I can't wait to read this paper. The results were reported on the blog Genetic Inference
, based on a talk at Biology of Genomes 2011.
A few comments:
1. Although known alleles for height only account for 5-10% of variance (out of the expected 80-90%), it is very plausible that loci of smaller effect or MAF (minor allele frequency) account for the "missing heritability". We still lack sufficient statistics to detect most of the individual loci of this type, but it's a matter of time. See beautiful paper
from Visscher's group. The results described below suggest that loci just below the (arbitrary) significance threshold currently in use might also be height associated. There is a whole distribution of loci with smaller effect sizes and MAF that are just waiting to be discovered -- we have only found the tip of the iceberg.
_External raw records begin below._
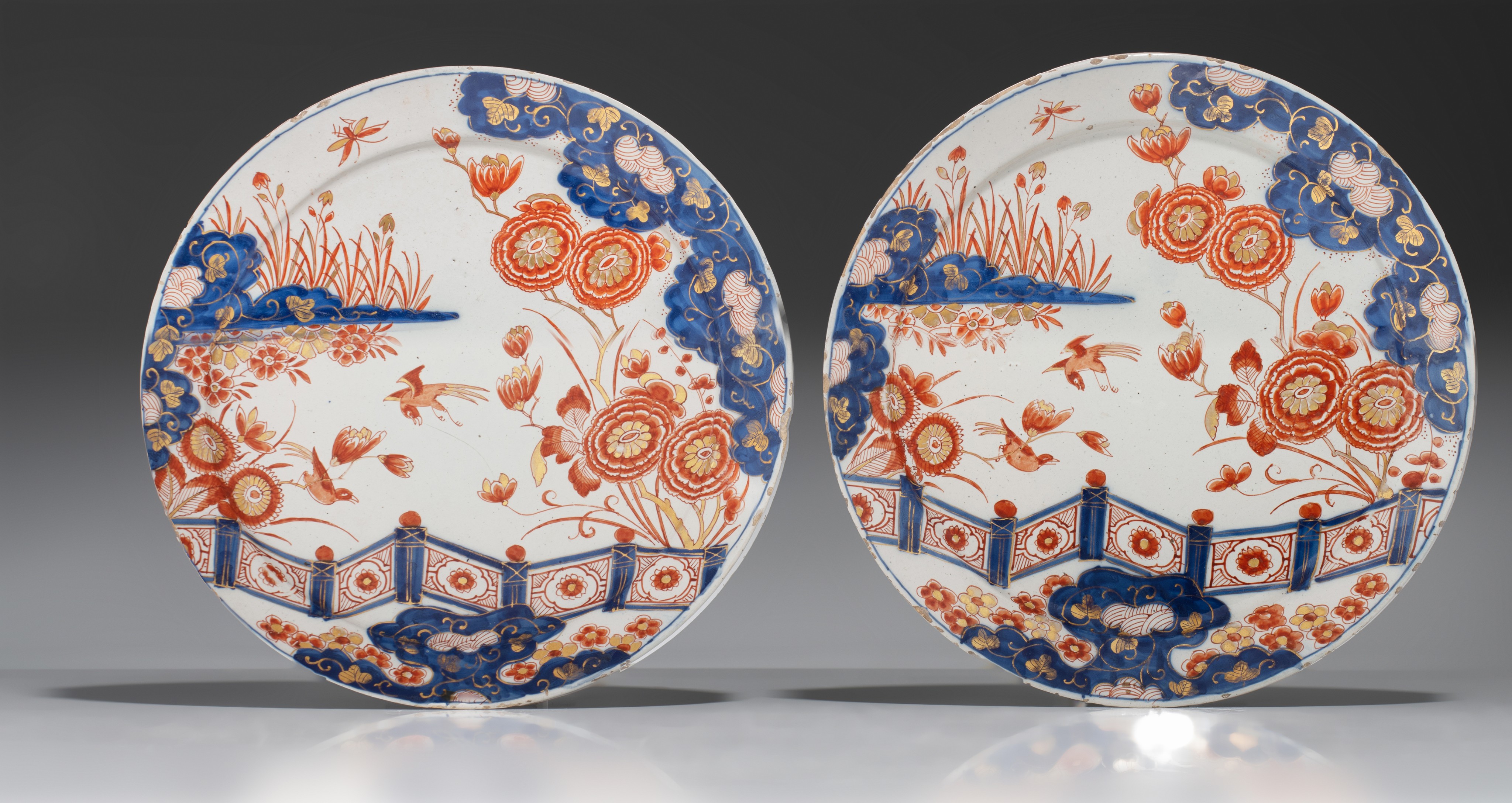 A various collection of 17th/18thC Dutch Delft Imari-style plates and a saucer, ø 22 / H 6 cm - Image 2 of 14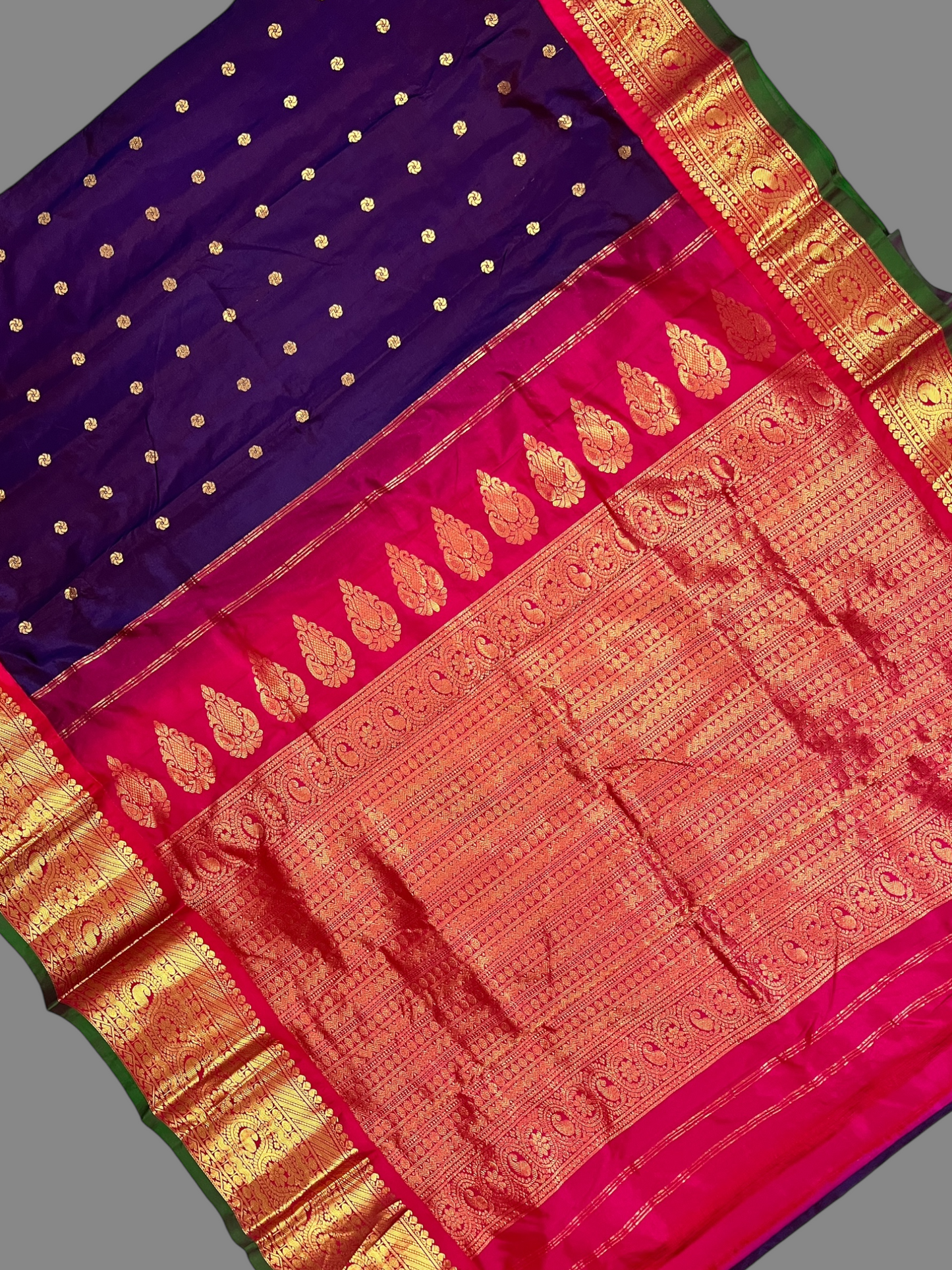 Gadwal Big Border Dark Purple Pure Silk Sarees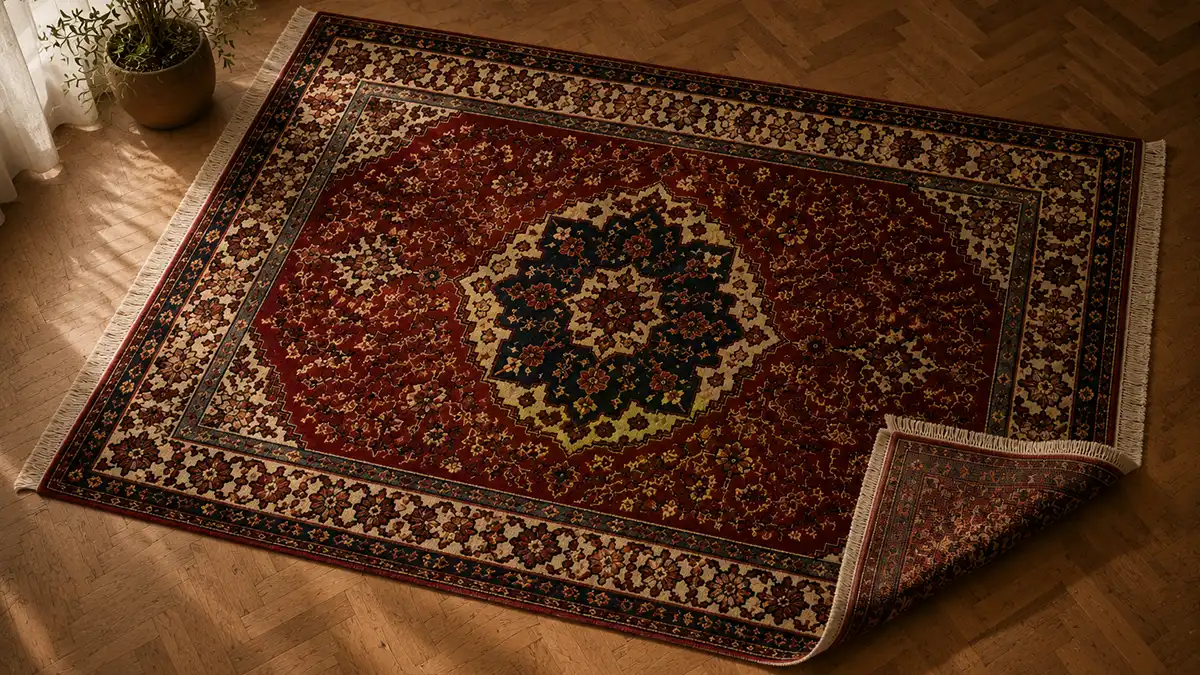 Authentic hand-knotted Persian rug with a central medallion design viewed from above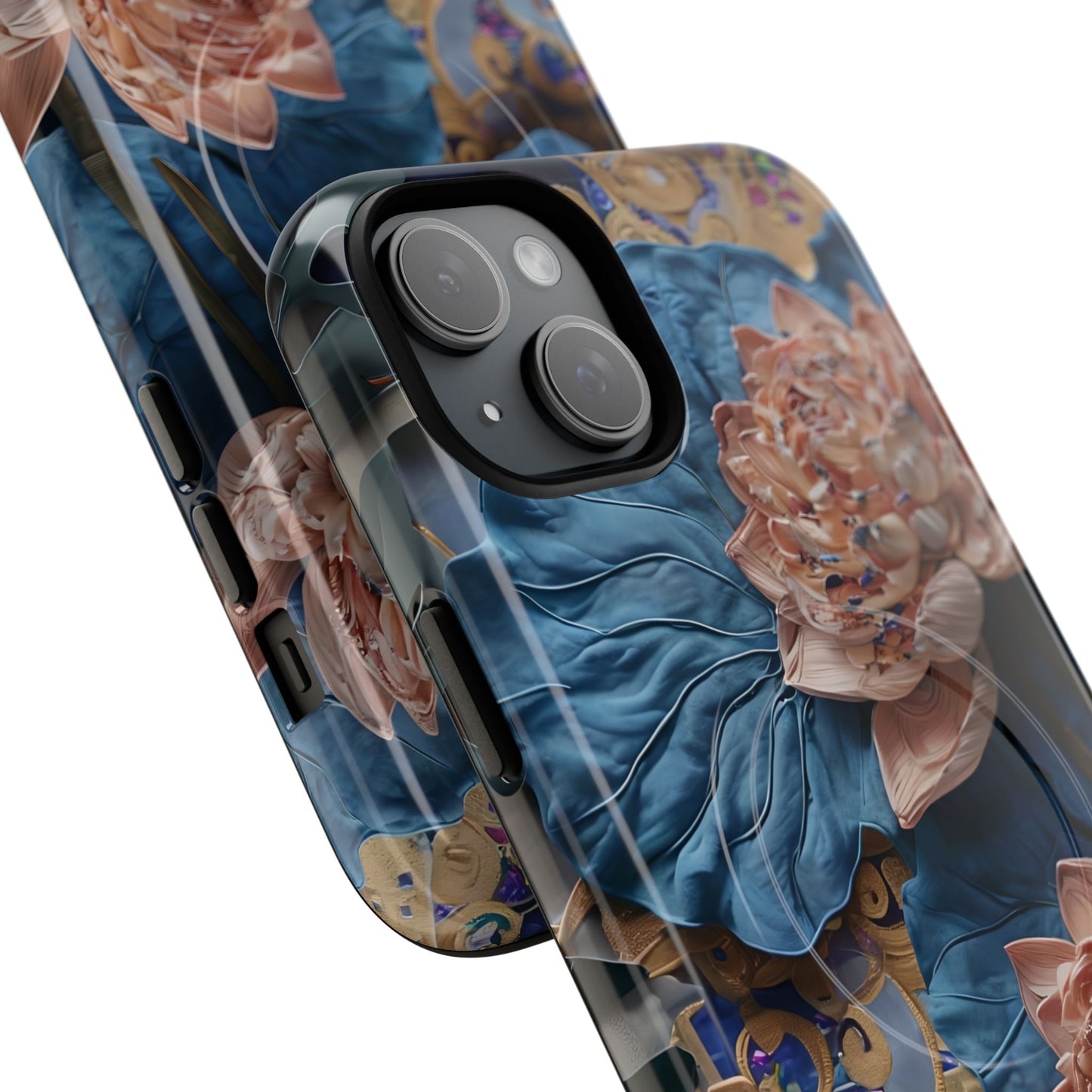 Peony Midnight Tapestry - iPhone Case- MagSafe Compatible - Elegant Blue & Blush Artful Phone Cover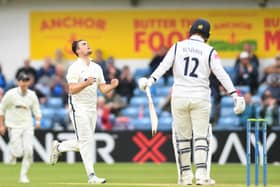HIGH FIVE: Yorkshire's Jordan Thompson celebrates the wicket of Warwickshire's Chris Benjamin on day two at Headingley. Picture by Will Palmer/SWpix.com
2. Even with only a fraction of total additive variance identified, one can still make estimates of breeding value
for groups by simply computing the prevalence of known associated loci in each group. How indicative these (large effect/MAF) loci are of the actual breeding values can't be answered a priori, but I would bet they are a good indicator, and this seems to be the case for height.
3. If the results on selection hold up this will be clear evidence for differential selection
between groups of a quantitative trait
(as opposed to lactose or altitude tolerance, which are controlled by small sets of loci). We may soon be able to conclude that there has been enough evolutionary time for selection to work within European populations on a trait that is controlled by hundreds (probably thousands) of loci.
4. With luck we might get to this level of analysis for g in the next 5-10 years. (I originally wrote 3-5 years but one of my more sober collaborators convinced me that would be quite unlikely!)
5. Understanding the evolution and distribution of quantitative traits like height and g at this level is an important milestone in scientific history.
It's amazing to see scientific and technological progress verify models that you've had in your head since age 12 :-)
Genetic Inference: ... Europeans differ systematically in their height, and these differences correlate with latitude. The average Italian is 171cm, whereas the average Swede is a full 4cm taller. Are these differences genetic? Have they been under evolutionary selection in recent human history?
Michael Turchin gave some pretty convincing answers to these questions, using genetic data from the 129 thousand individuals in the GIANT consortium. He compared the frequencies of alleles that are known to increase height, and found that they are more common in Northern Europe. Interestingly, he found the same relationship for alleles that have weaker evidence for height association, showing that there are still a large number of common height variants hiding in the genome, which are also more frequent in Northern Europe.
Height differences are thus heritable, but have they been under evolutionary selection? Or are these differences merely down to genetic drift? This can also be tested using the GIANT data, which shows significant statistical evidence of selection on height variants in recent history. On top of that, the magnitude of the selection is correlated with the effect size of the height variant, providing strong evidence that these variants are being selected specifically for their impact on height.
This is a textbook example of how an evolutionary study should be done; you show a phenotypic difference exists, that it is heritable, and that it is under selection. This opens the question as to why height has been selected in Northern Europe (or shortness in Southern Europe). Could the same data be used to test specific hypotheses there?